# Fetch Playlists from Spotify API

In [1]:
import json
import spotipy
from spotipy.oauth2 import SpotifyClientCredentials
from tqdm import tqdm
from multiprocessing.pool import ThreadPool

## Load Data

In [2]:
# Load data from spotify links
with open('../data/spotify_links.json') as f:
    data = json.load(f)
    links = list(data.items())

# Links consists of tuples of (genre, link)
print('Example:', links[0])

Example: ('italian violin', 'spotify:playlist:6Vf6P26sYyUqljb9e8Jy5b')


In [3]:
SPOTIPY_CLIENT_ID = "f96a1f0e67bf41afa9c09b2da29d8c7c"
SPOTIPY_CLIENT_SECRET = "3c726b5c74c643de83771882afc67d2f"

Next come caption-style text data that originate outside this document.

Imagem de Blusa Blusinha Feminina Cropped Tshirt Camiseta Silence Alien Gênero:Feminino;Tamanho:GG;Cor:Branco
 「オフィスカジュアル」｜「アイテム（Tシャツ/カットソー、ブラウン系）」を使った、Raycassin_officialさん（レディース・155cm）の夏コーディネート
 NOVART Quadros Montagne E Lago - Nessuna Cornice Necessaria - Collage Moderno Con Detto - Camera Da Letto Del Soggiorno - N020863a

spotify = spotipy.Spotify(
    client_credentials_manager=SpotifyClientCredentials(SPOTIPY_CLIENT_ID,SPOTIPY_CLIENT_SECRET),
    requests_timeout=5)

In [4]:
# Fetch playlists by batch

def getPlaylist(links, playlists, failures, threadName):
    with tqdm(total=len(links), position=1, desc=threadName) as pbar:
        for i in range(len(links)):
            try:
                playlist = spotify.playlist(links[i][1])
                playlists.append(playlist)
            except:
                failures.append(links[i][0])
            if(i > 0 and (i+1) % 200 == 0):
                pbar.update(500)
            elif(i == len(links) - 1):
                pbar.update(len(links) % 200)

In [5]:
#Divide links into 6 chunks
chunk_indices = []

for i in range(0, len(links) - len(links) % 1000, 1000):
    chunk_indices.append((i, i + 1000))

chunk_indices.append((len(links) - len(links) % 1000, len(links)))

In [9]:
#Create a list of the playlists
playlists = []
failures = []

#Begin thread pool
pool = ThreadPool(len(chunk_indices))

#Thread creations, each thread runs on a chunk of links
for t in range(len(chunk_indices)):
    pool.apply_async(getPlaylist, args=(links[chunk_indices[t][0]: chunk_indices[t][1]], playlists, failures, "Thread {}".format(t+1)))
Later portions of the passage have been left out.